Hey NACE, sine I knew that but you knew how to explain it  what do you suggest for making Aura dry less fast?? There extender doesn't seem to do that very well, or do you need to add a ton of it?? For trim it can be a hassle for it to dry quickly.. 

Sometimes quick isn't better


----------



## stansoph (Dec 16, 2007)

I added 8 ounces of the 518 extender and I don't think it helped very much; I might try 13 ounces and see if that helps any. There has to be a magic formula. I have to get another gallon since this one is effed up from the glycol

6.5oz is 5%
13 oz is 10%
20 oz is 15%

Half of the bottle (16 oz) is around 13-14%. I will try half the bottle and see what happens.


----------



## Last Craftsman (Dec 5, 2008)

MAK-Deco said:


> The reason that floetrol or XIM additives worked is because you basically added gylcol to the paint which is the very ingredient that BM eliminated by coming up with Aura and Aura tints. The BM extender is suppose to be resin based and not add the glycol to the paint. You essentially have probably added some voc back into the product. Glad you got it to work. I have yet to use it on trim as I knew I would run into the same issues you had.


 
How bad are Glycols as far as VOCs are concerned? What effects can they cause? Does just breathing them while flashing effect you? Or would you have to breath in spray mist to be effected?
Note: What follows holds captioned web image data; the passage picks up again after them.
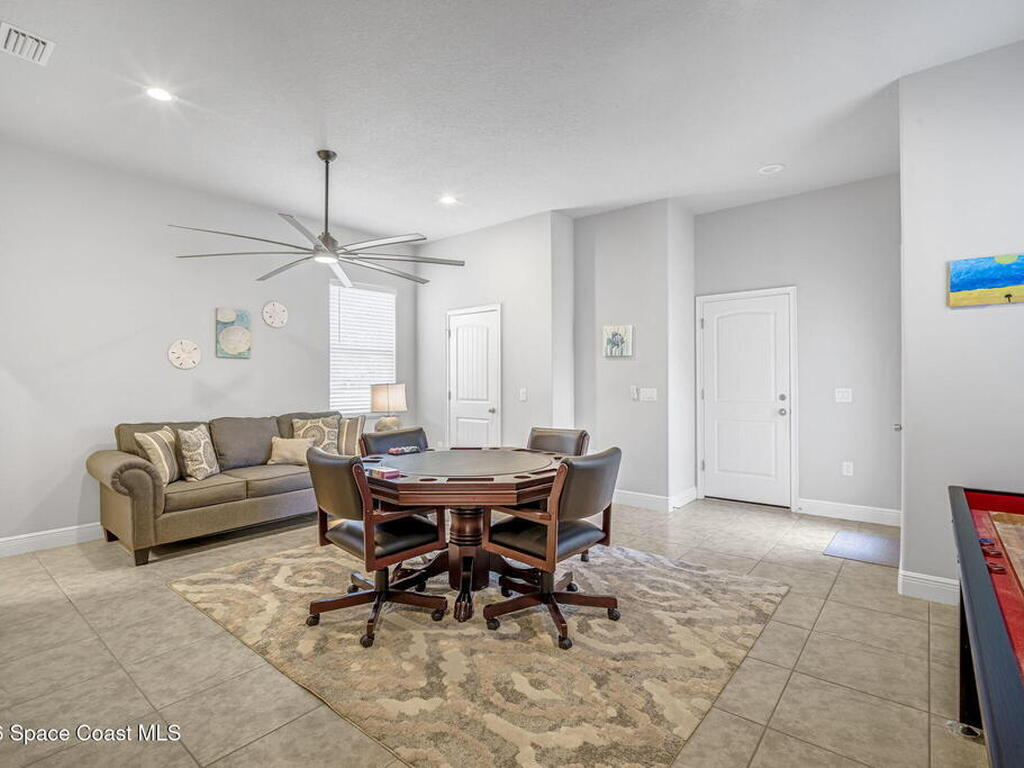 4567 Preservation Circle, Melbourne, FL 32934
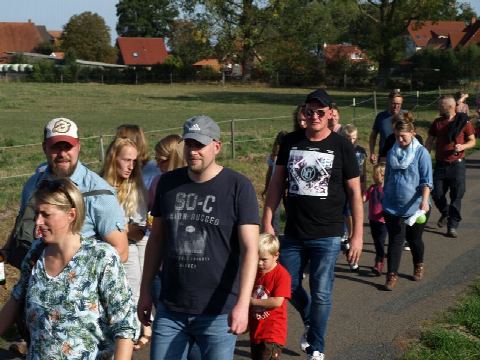 Foto 27 von 38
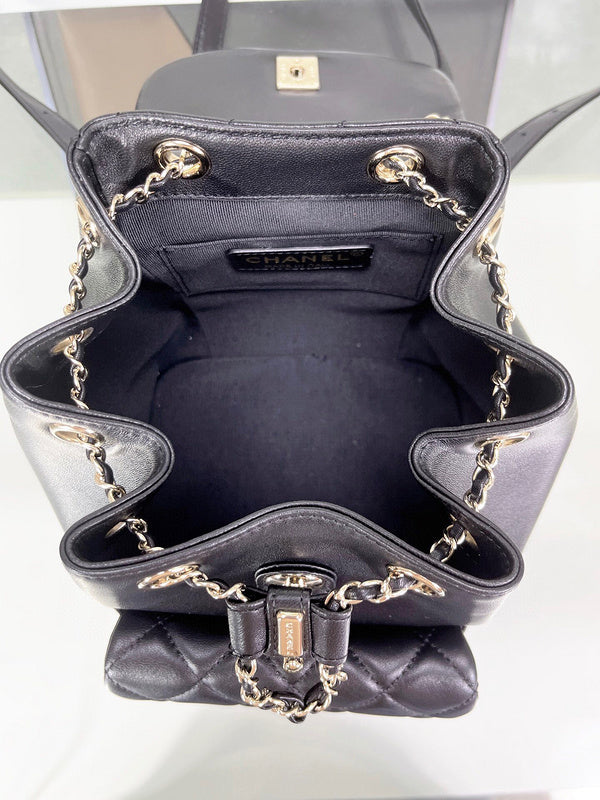 GlamI - CHL Bags - 3068
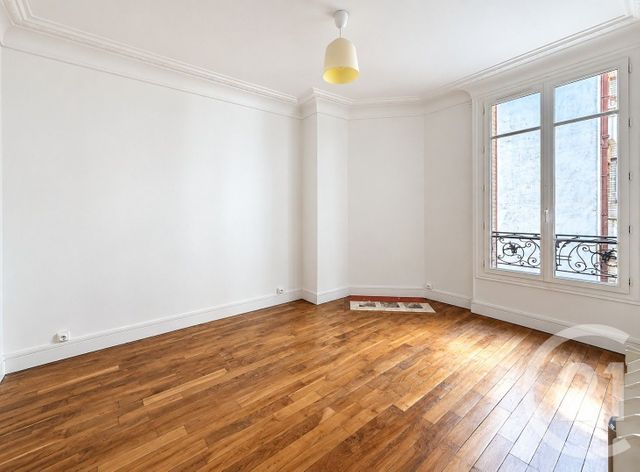 Appartement F4 &agrave; vendre - 4 pi&egrave;ces - 86,25 m2 - St Mande - 94 - ILE-DE-FRANCE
I thought propylne glycol was pretty safe, is the incorrect?


----------



## Last Craftsman (Dec 5, 2008)

NACE said:


> You are correct, Floetrol is a glycol based additive like XIM. This is the primary ingrediant taken out of Aura in order to minimize and in most cases eliminate, flashing, sheen variation, surfactant leach, VOC and touch up issues. Glycols are in UTC based colorants for all manufacturers and are the primary reason that these issues occur. Glycols also had softness to the film, which compromises washability and curing of the film. Aura contains a patented hybrid acrylic that needs the colorant to activate the Color Lock Technology, and provide the leveling characteristics, and flim tighness. Since the film is much tighter due to the pigment particles being much closer together, you get much better adhesion, a huge spread rate, great hide, fast dry and self priming. Glycols interfere with the chemistry of intended wet and dry film. The 508 Extender is resin based and is essentially the proprietary hybrid resin that is exclusive to Aura. You are adding quality to the product, rather than detracting quality when you had glycol based additives.


Now, does Glycol based extenders only reduce durability when used with AURA, or also with other paints?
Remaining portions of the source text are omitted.